Quote the data exactly, first line to the line containing "Personalized Garnet Necklace, January", with no pictures.

Top of AVAILABLE DATA

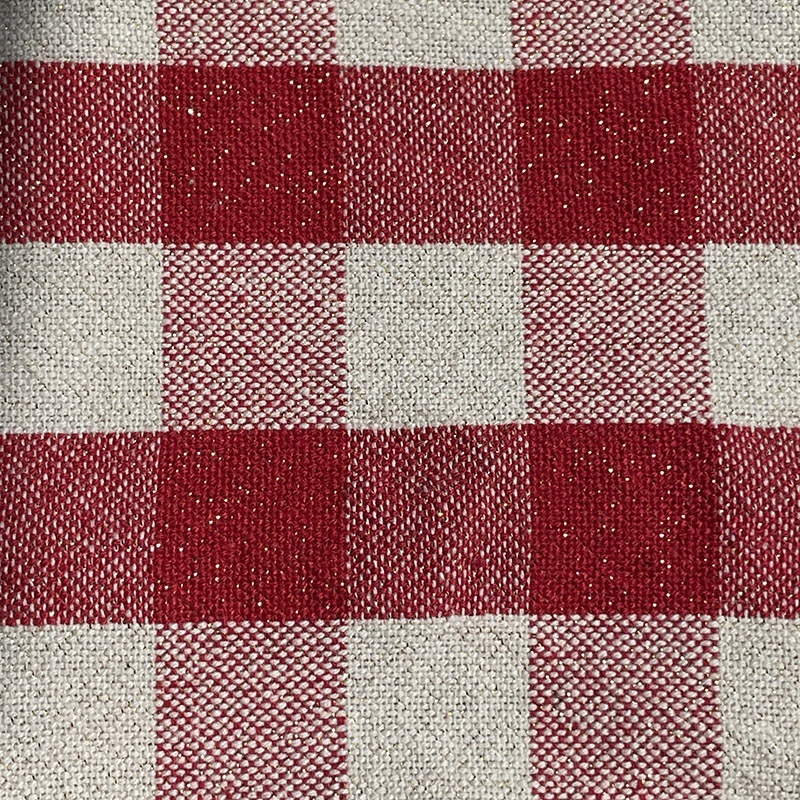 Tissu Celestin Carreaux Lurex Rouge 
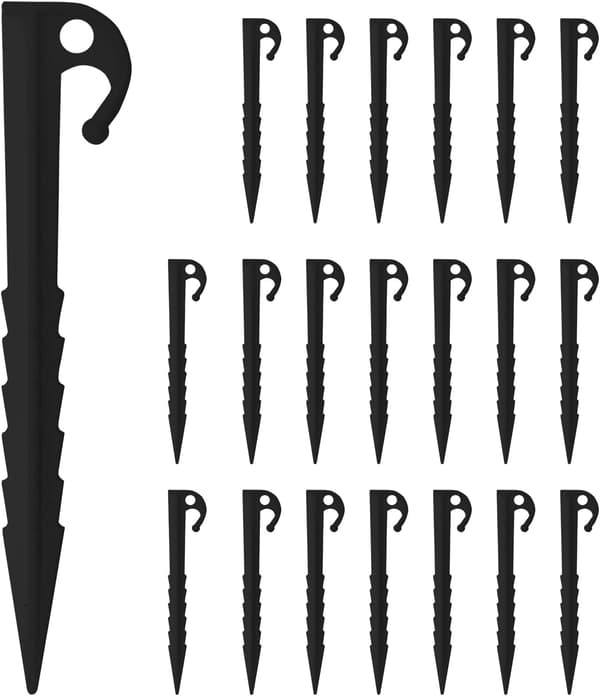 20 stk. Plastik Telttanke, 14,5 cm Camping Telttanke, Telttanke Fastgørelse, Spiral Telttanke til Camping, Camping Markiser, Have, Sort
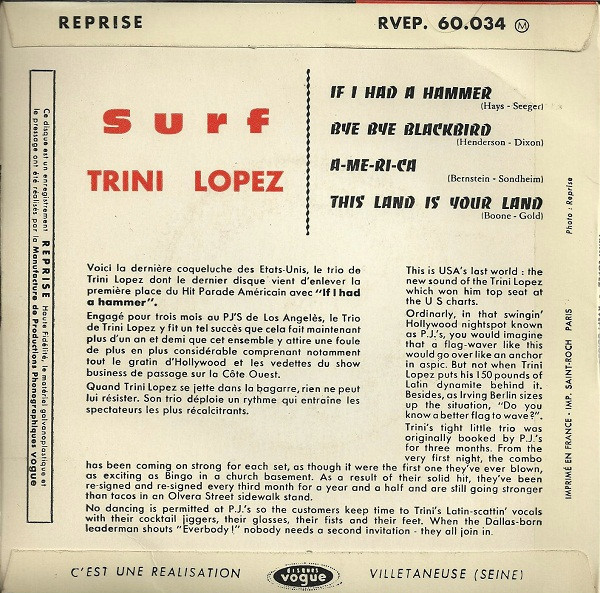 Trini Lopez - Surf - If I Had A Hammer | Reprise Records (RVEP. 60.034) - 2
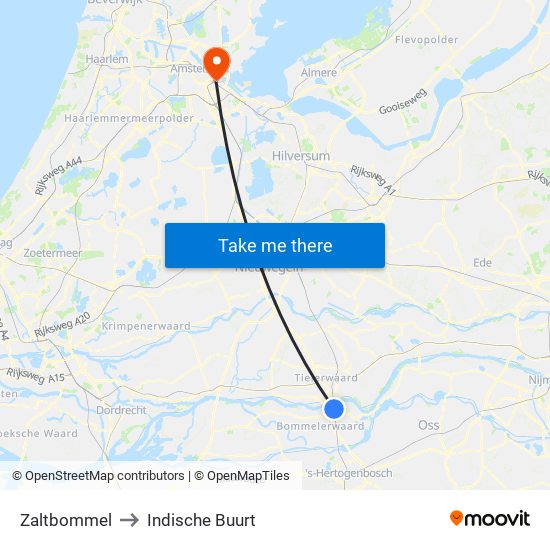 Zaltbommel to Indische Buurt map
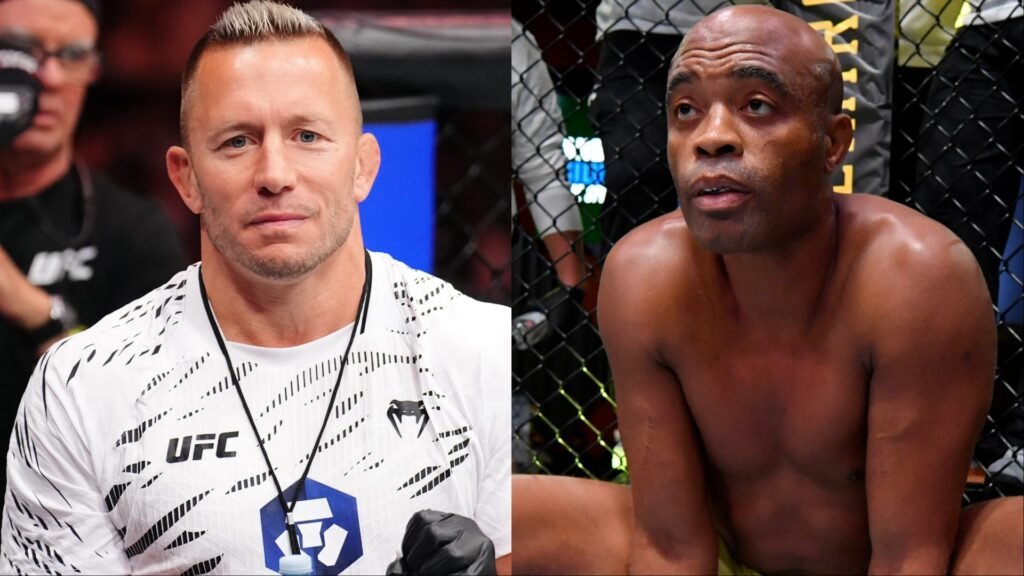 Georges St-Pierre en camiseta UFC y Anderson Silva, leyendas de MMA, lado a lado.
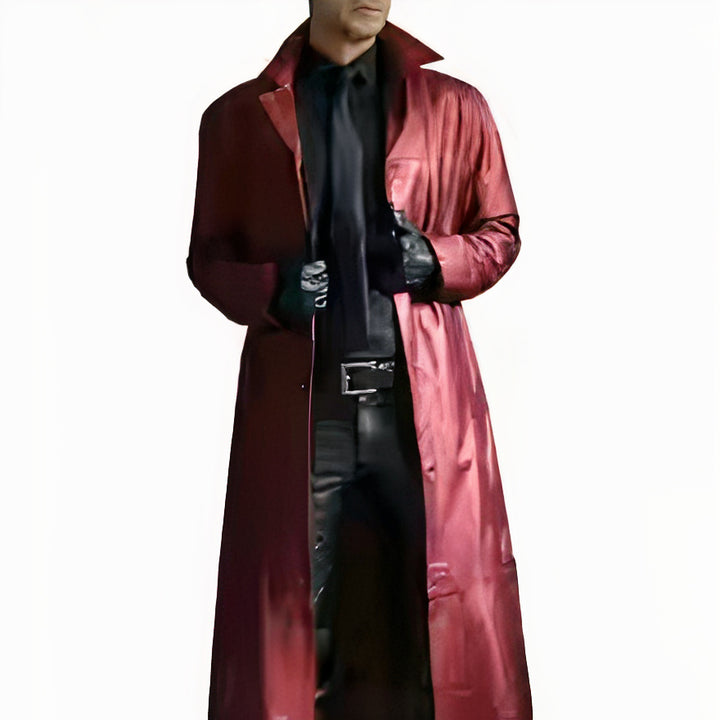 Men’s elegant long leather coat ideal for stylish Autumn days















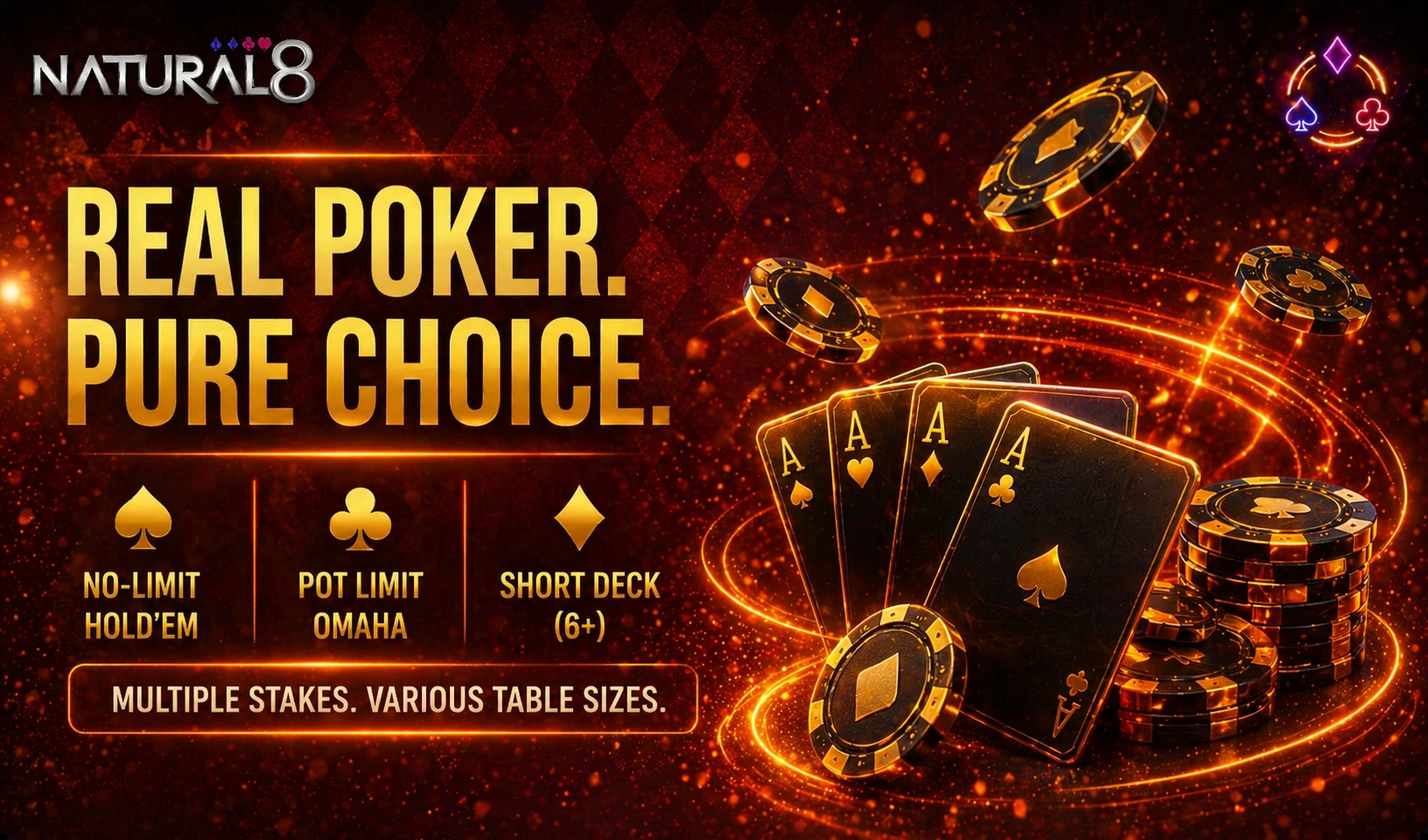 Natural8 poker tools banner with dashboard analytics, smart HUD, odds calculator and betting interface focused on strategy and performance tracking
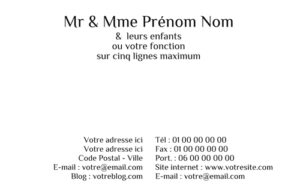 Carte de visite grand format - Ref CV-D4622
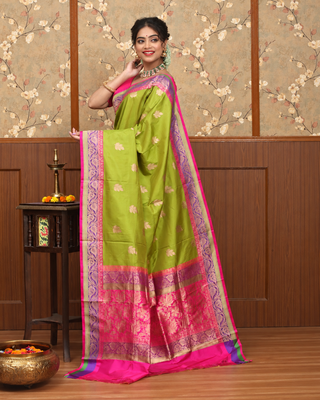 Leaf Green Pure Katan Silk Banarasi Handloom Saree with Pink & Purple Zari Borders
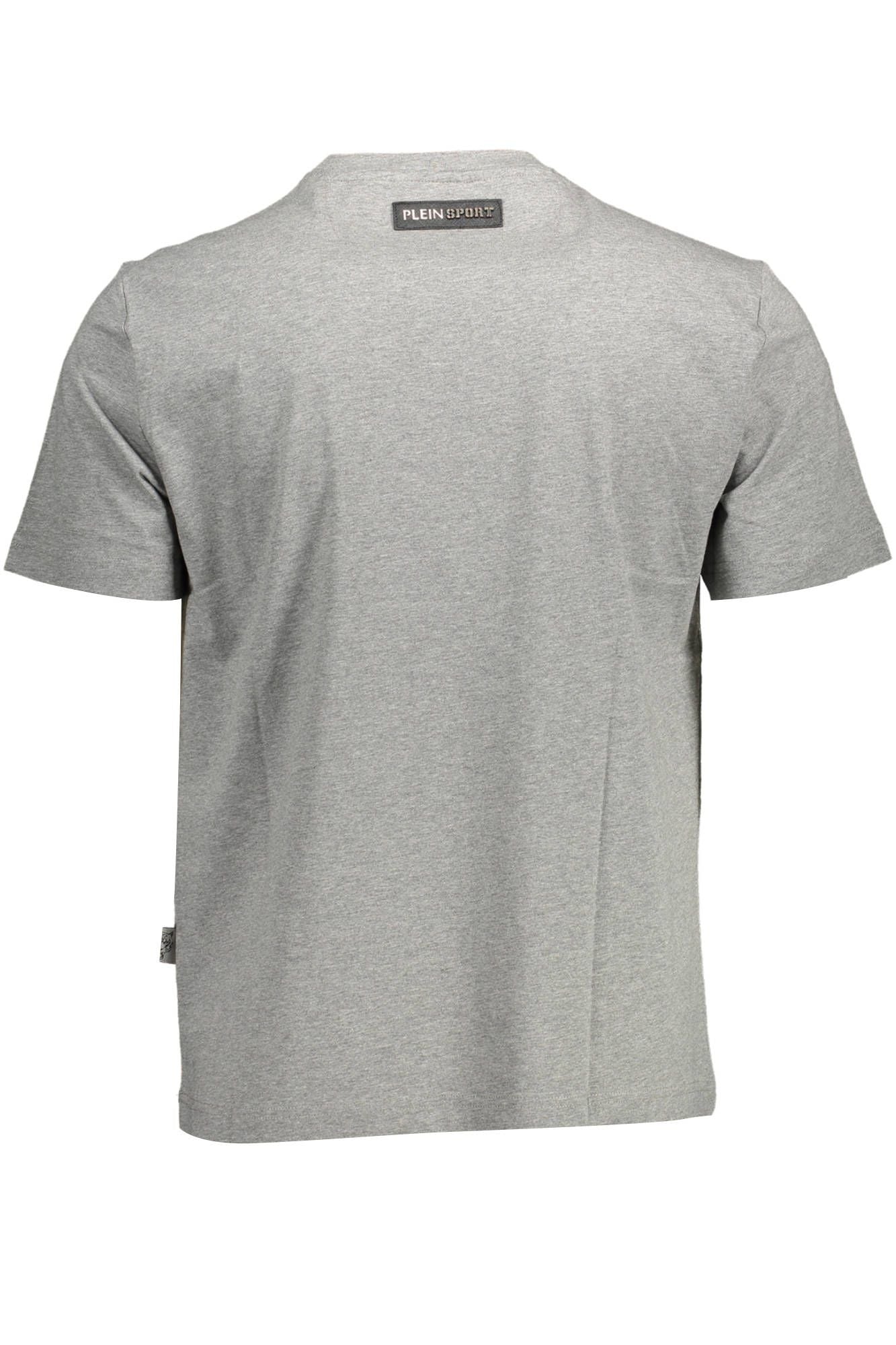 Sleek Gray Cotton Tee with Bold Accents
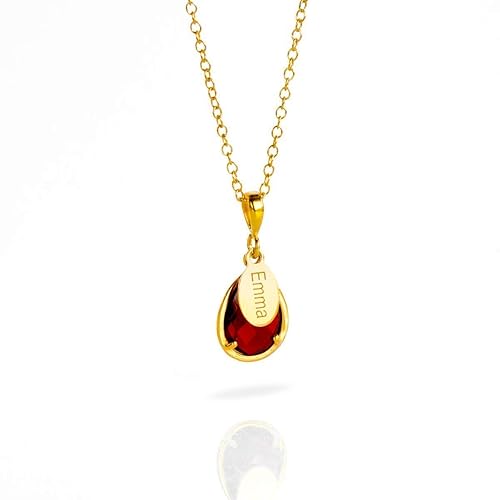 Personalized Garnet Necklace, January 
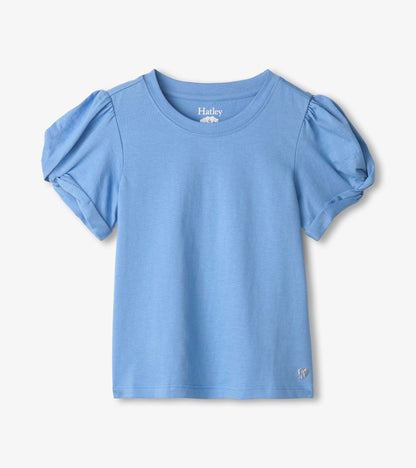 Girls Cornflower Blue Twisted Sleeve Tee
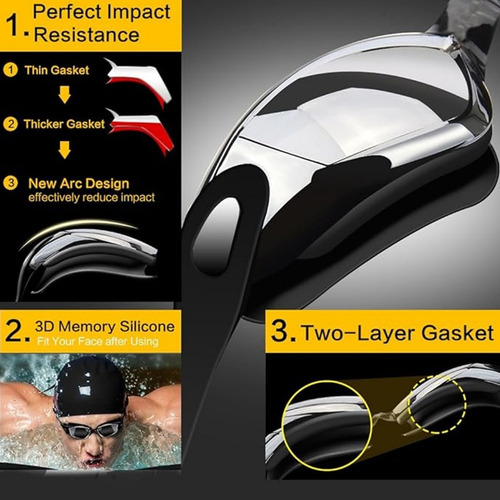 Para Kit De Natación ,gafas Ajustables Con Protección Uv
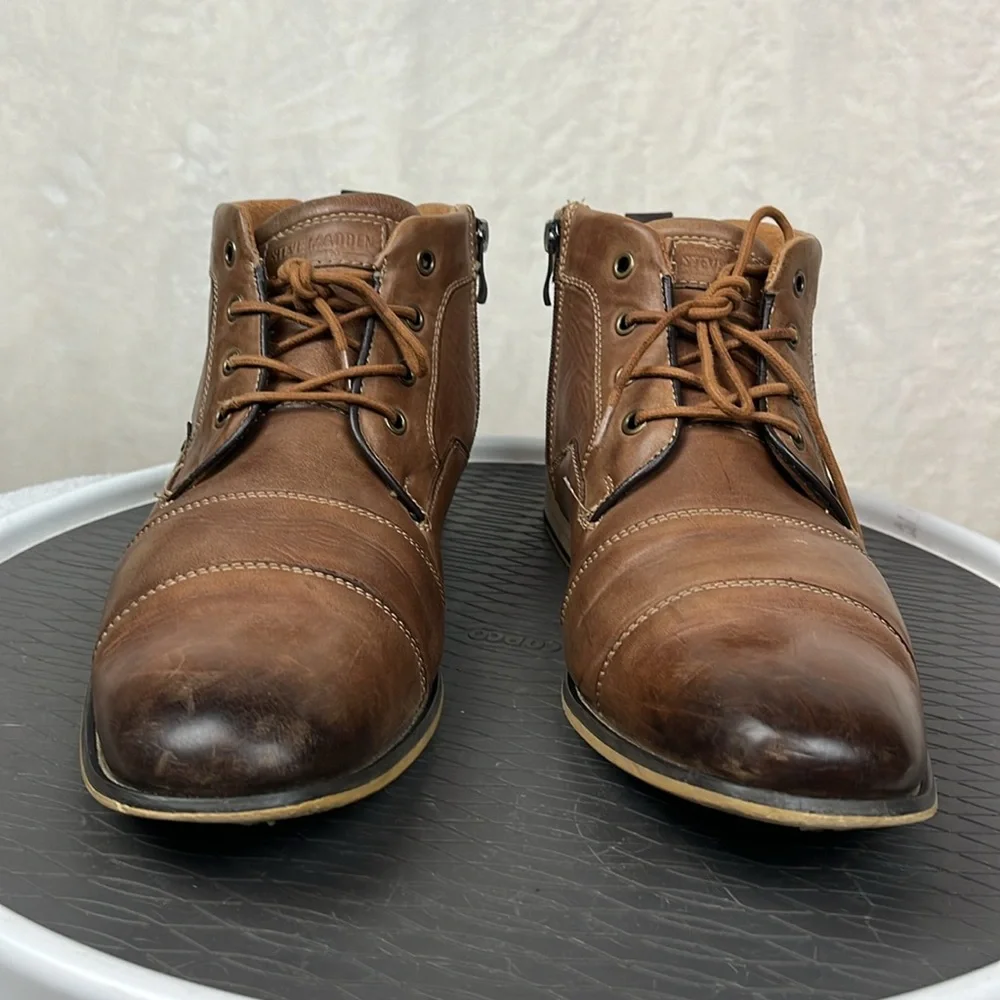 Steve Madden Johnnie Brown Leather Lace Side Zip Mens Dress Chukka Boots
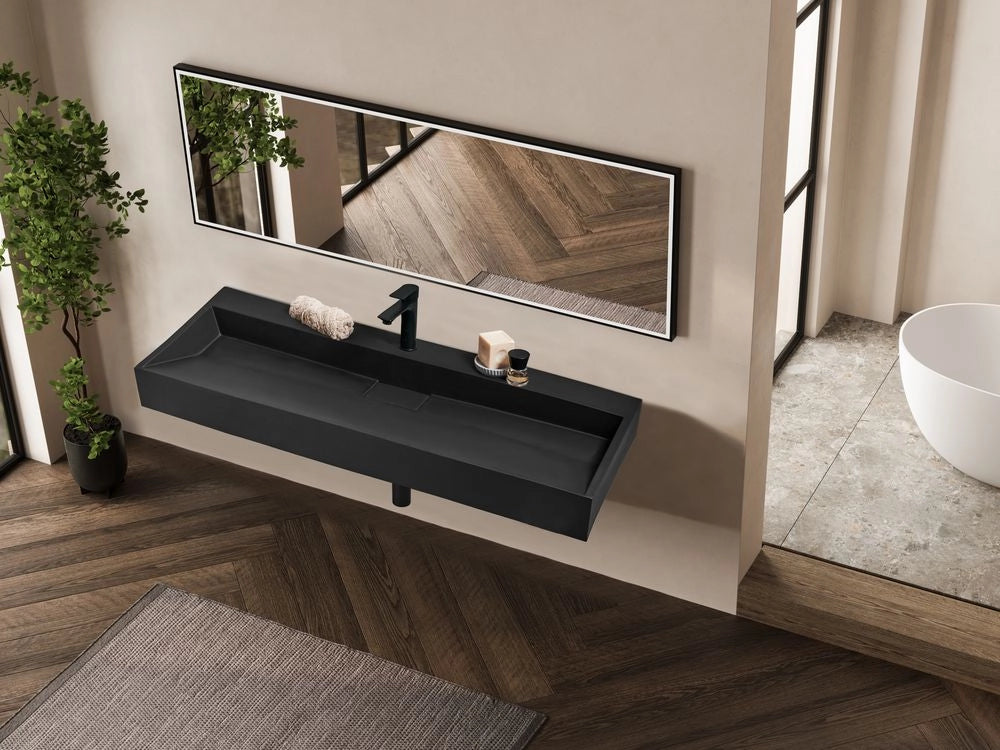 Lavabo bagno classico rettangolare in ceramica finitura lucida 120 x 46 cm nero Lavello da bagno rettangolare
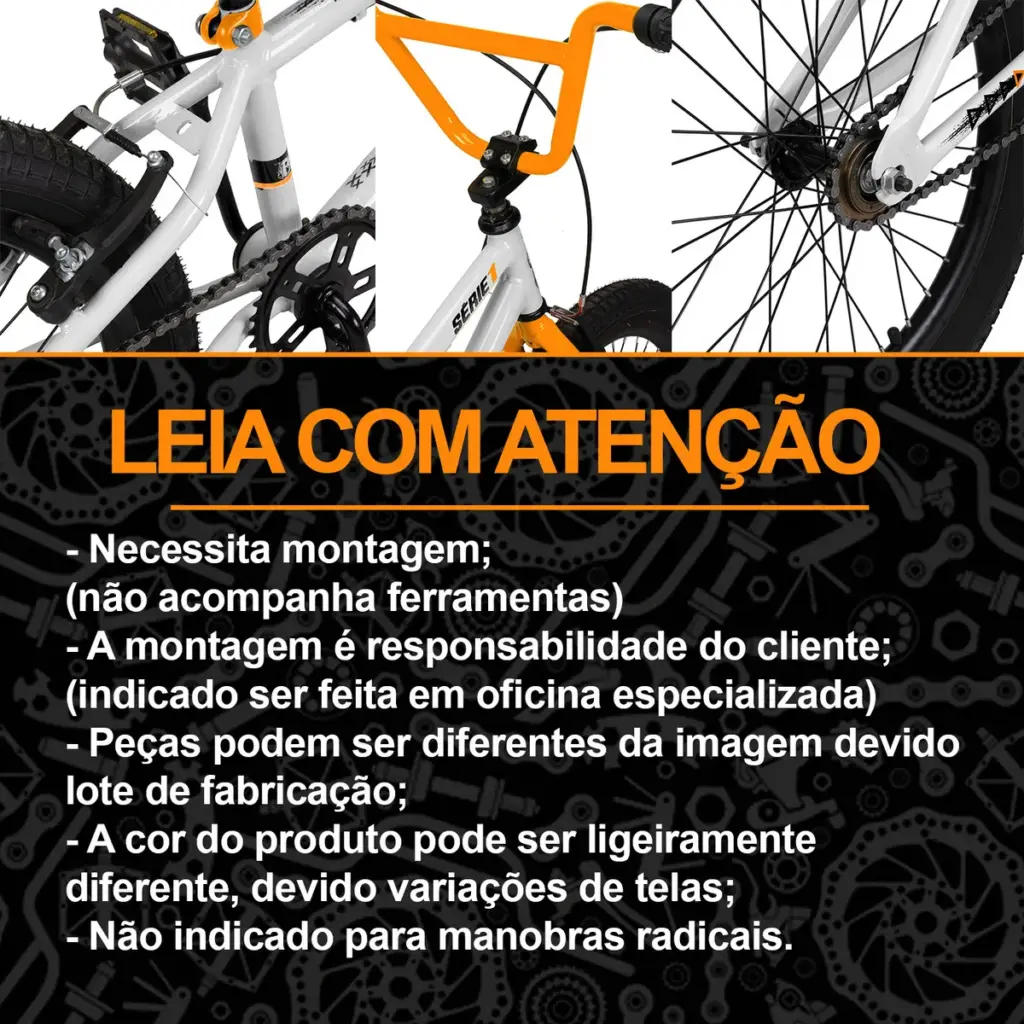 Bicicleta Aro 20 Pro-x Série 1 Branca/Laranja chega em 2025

Bottom of AVAILABLE DATA

> [OUTPUT FOR THIS EXERCISE]:
 Tissu Celestin Carreaux Lurex Rouge 
 20 stk. Plastik Telttanke, 14,5 cm Camping Telttanke, Telttanke Fastgørelse, Spiral Telttanke til Camping, Camping Markiser, Have, Sort
 Trini Lopez - Surf - If I Had A Hammer | Reprise Records (RVEP. 60.034) - 2
 Zaltbommel to Indische Buurt map
 Georges St-Pierre en camiseta UFC y Anderson Silva, leyendas de MMA, lado a lado.
 Men’s elegant long leather coat ideal for stylish Autumn days















 Natural8 poker tools banner with dashboard analytics, smart HUD, odds calculator and betting interface focused on strategy and performance tracking
 Carte de visite grand format - Ref CV-D4622
 Leaf Green Pure Katan Silk Banarasi Handloom Saree with Pink & Purple Zari Borders
 Sleek Gray Cotton Tee with Bold Accents
 Personalized Garnet Necklace, January 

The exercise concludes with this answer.